Without vigilant archival practice at the point of cataloguing, it can be quite tricky to work out what once was a storyboard drawing and what wasn’t – especially if there is the suspicion that the images might have been remounted to help with their preservation.

These were the challenges faced when reviewing the BFI’s Halas and Batchelor holdings, in particular some colour images related to Animal Farm (1954), the first British animated feature film. Following a ‘storyboard’ keyword search, a range of materials were returned, including several easily recognisable storyboard panels, such as the one pictured at the top of this article, to the more curious documents pictured to the side of this article. Here, short sequences of colour drawings, mounted in a narrative sequence on sheets of black card look like storyboards, yet their abbreviated seriality – offering only key frames accompanied by short lines of description from the script – suggests that these fall somewhere between a working storyboard and a fragmentary sample from a now lost colour mood board.

Preparatory artwork for Animal Farm (1954)
BFI National Archive

In this instance, the material pliability of the storyboard, which is a considerable strength during production, allowing individual frames and whole sequences to be cut, glued, re-cut, moved, to help plan a scene, becomes a challenge for both the archivist and the researcher.
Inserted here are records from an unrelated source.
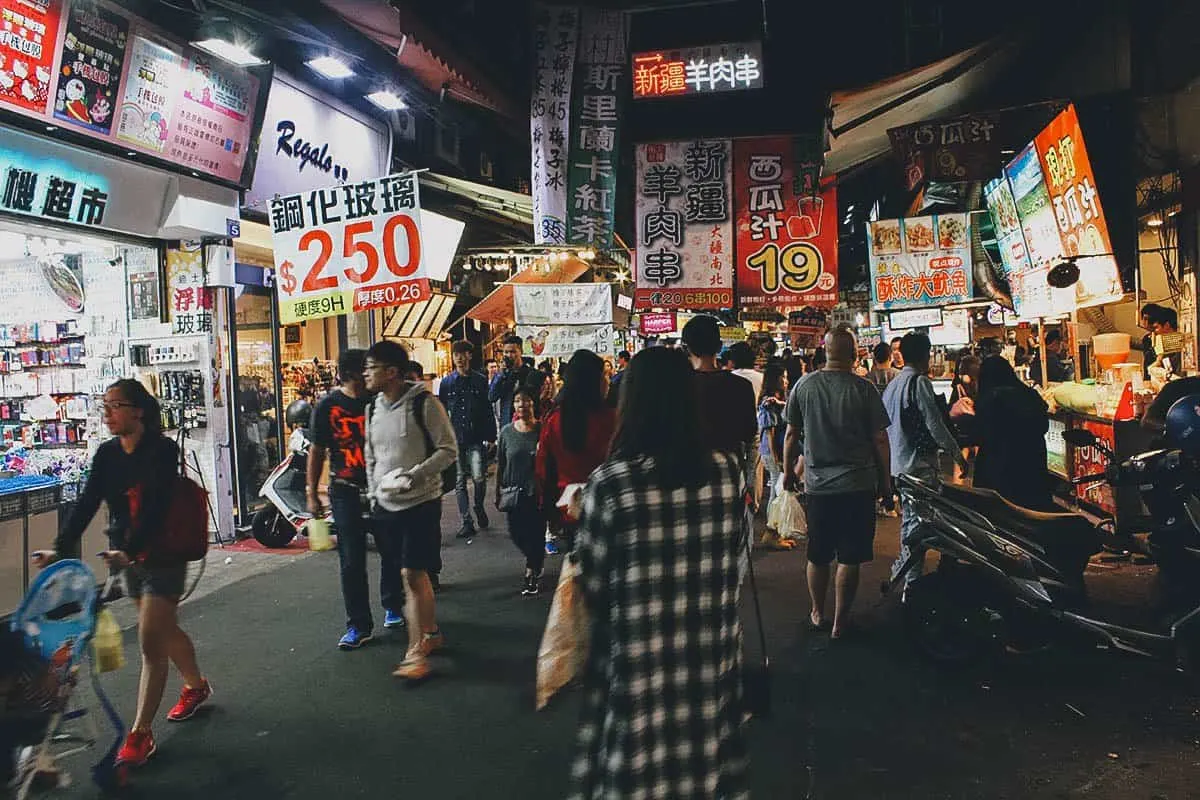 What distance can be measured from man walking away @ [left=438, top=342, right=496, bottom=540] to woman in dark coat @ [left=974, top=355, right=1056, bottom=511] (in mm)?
5736

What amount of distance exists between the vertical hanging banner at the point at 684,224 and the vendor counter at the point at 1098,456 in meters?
4.52

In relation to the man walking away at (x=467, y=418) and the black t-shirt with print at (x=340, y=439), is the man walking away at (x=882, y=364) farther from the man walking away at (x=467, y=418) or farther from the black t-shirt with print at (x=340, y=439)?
the black t-shirt with print at (x=340, y=439)

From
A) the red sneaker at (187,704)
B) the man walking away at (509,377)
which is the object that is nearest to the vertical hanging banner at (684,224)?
the man walking away at (509,377)

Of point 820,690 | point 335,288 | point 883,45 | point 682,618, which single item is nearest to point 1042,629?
point 820,690

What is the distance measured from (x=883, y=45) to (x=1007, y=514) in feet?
51.9

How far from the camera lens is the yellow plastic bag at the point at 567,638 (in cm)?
250

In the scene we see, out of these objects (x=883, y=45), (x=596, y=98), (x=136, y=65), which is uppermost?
(x=883, y=45)

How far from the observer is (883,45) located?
1820 cm

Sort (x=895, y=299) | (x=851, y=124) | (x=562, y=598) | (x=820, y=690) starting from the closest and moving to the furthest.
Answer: (x=562, y=598)
(x=820, y=690)
(x=851, y=124)
(x=895, y=299)

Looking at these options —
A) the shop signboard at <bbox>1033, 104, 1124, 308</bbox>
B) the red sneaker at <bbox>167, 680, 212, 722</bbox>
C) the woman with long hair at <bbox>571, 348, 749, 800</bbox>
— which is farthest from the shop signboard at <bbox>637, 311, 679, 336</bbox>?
the woman with long hair at <bbox>571, 348, 749, 800</bbox>

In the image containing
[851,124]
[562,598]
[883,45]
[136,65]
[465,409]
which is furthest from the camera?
[883,45]

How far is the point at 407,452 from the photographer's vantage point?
560cm

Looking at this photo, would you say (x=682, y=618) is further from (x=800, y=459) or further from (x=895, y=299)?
(x=895, y=299)

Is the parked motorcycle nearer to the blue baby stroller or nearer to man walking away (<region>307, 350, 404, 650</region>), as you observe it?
man walking away (<region>307, 350, 404, 650</region>) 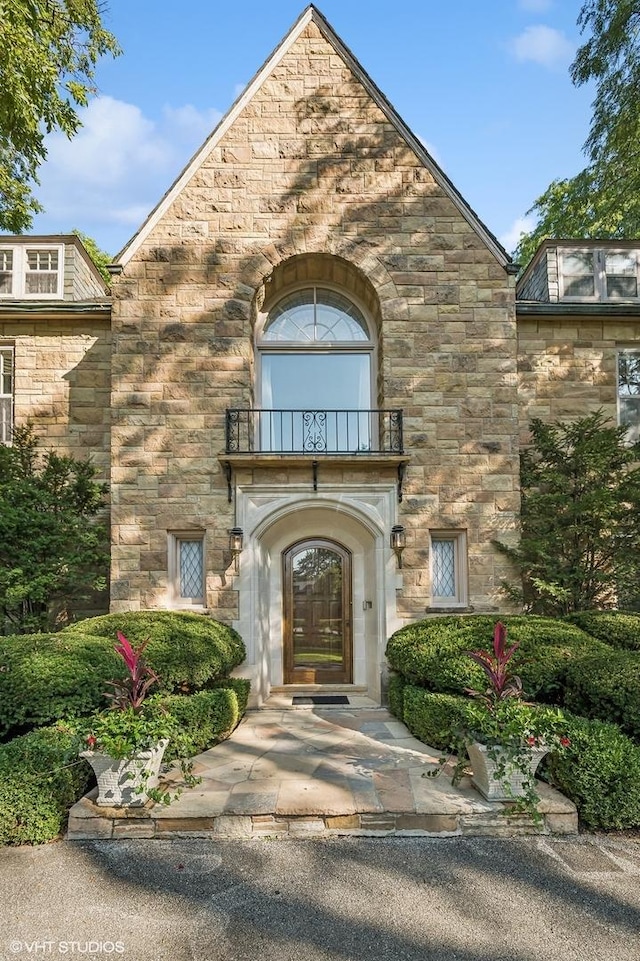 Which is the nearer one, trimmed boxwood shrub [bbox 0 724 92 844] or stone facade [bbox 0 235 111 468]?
trimmed boxwood shrub [bbox 0 724 92 844]

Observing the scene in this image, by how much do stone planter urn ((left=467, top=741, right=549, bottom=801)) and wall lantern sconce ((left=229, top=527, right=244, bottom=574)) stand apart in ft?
14.3

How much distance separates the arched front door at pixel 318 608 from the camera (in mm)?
9180

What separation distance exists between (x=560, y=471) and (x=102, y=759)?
23.8 feet

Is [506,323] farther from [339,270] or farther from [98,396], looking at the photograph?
[98,396]

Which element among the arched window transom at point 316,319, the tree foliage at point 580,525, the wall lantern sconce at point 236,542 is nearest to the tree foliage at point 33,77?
the arched window transom at point 316,319

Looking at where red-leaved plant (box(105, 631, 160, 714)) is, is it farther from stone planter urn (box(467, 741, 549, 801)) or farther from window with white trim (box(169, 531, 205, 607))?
window with white trim (box(169, 531, 205, 607))

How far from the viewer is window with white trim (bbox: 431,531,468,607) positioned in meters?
8.36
Also to be found in the BFI’s archive are the storyboards produced by Ivor Beddoes for The Empire Strikes Back (1980). Unlike the Animal Farm materials discussed above, there is no uncertainty regarding the purpose or form of Beddoes’ work: it is a storyboard. This is not to say that Beddoes’ storyboard is not noteworthy, far from it. Visually, the pages are filled with artistic flourishes that conjure the sensation of movement and space, such as whip pans, expansive tracks and zooms, and wide panoramas that literally stretch the storyboard frame across the entire page. Perhaps a by-product of Beddoes’ experience in theatrical production design, his Empire Strikes Back storyboards seek to inject depth at every possible opportunity.

These storyboards now form part of the Ivor Beddoes Collection at the BFI National Archive. The fact that they form part of an artist’s archive, rather than a studio archive, serves as a potent reminder of how storyboards, and other visual pre-production materials, could become decoupled from the film and the producing studio’s archive in the pre-digital era. In the case of Beddoes’s Empire Strikes Back work, being based almost exclusively at the Elstree Studios meant that the storyboards were not archived with the rest of the production papers at Lucasfilm.

Hopefully these brief insights into the variety, vagaries and vitality of storyboard research have whetted your appetite for more! At the very least, next time you find yourself in a multiplex, I hope that you might pause for a moment to consider what role the storyboard and the storyboard artist might have played in the creation of the images that you now see on screen.